Power is the probability of avoiding a Type II error. The higher the statistical power of a test, the lower the risk of making a Type II error. Power is usually set at 80%. This means that if there are true effects to be found in 100 different studies with 80% power, only 80 out of 100 statistical tests will actually detect them. If we don't ensure sufficient power, our study may not be able to detect a true effect at all. This means that resources like time and money are wasted, and it may even be unethical to collect data from participants.

On the flip side, too much power means our tests are highly sensitive to true effects, including very small ones. This may lead to finding statistically significant results with very little usefulness in the real world. To balance these pros and cons of low versus high statistical power, we should use a **Power Analysis** to set an appropriate level.


# Power Analysis

Power is mainly influenced by sample size, effect size, and significance level. A power analysis can be used to determine the necessary sample size for a study. Having enough statistical power is necessary to draw accurate conclusions about a population using sample data.

Power is affected by several factors, but two main factors are:

- **Overlap:** How much overlap is there between the two distributions we want to identify with our study.
- **Sample Size:** The number of samples we collect from each group.

If we want Power to be 80% and if there is very little overlap, a small sample size will suffice. However, if the overlap is greater between the two distributions, we need a larger sample size to achieve 80% power.

To understand the relationship between overlap and sample size, we need to realize that when we do a statistical test, we usually compare sample means rather than individual measurements. So let's see what happens when we calculate means with different sample sizes.
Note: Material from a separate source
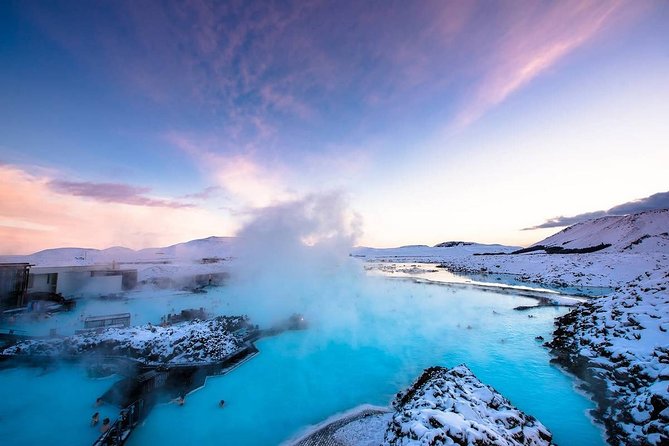 Unique bathing in an Icelandic hot springs at the Blue Lagoon - Is $650 per person good value?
- If the sample size is small, there is a lot of variation in estimated means for a distribution, making it hard to be confident that any single estimated mean is a good estimate of the population mean, and there is overlap between the estimated means of the two distributions.
- But if the sample size is large, the estimated means are so close to the population mean that they no longer overlap. This suggests a high probability that we correctly reject the null hypothesis that both samples came from the same distribution. With a large sample size, we can achieve high power. Additionally, the central limit theorem states that these results apply to any type of distribution.

A power analysis consists of four main components. If you know or have estimates for any three of these, you can calculate the fourth component:

- **Statistical Power:** The likelihood that a test will detect an effect of a certain size if there is one, usually set at 80% or higher.
- **Sample Size:** The minimum number of observations needed to observe an effect of a certain size with a given power level.
- **Significance Level (alpha):** The maximum risk of rejecting a true null hypothesis that you are willing to take, usually set at 5%.
- **Expected Effect Size:** The combined effect of standard deviation and means of two distributions due to overlap, captured by Effect size (d). There are many different ways to capture the effect.

Before starting a study, we can use a power analysis to calculate the minimum sample size for a desired power level and significance level, along with an expected effect size. Traditionally, the significance level is set to 5% and the desired power level to 80%. That means we only need to figure out an expected effect size to calculate a sample size from a power analysis.

The `stats.power` module of the statsmodels package in Python contains the required functions for carrying out power analysis for the most commonly used statistical tests such as t-test, normal-based test, F-tests, and Chi-square goodness-of-fit test. Its `solve_power` function takes three of the four components mentioned above as input parameters and calculates the sample size.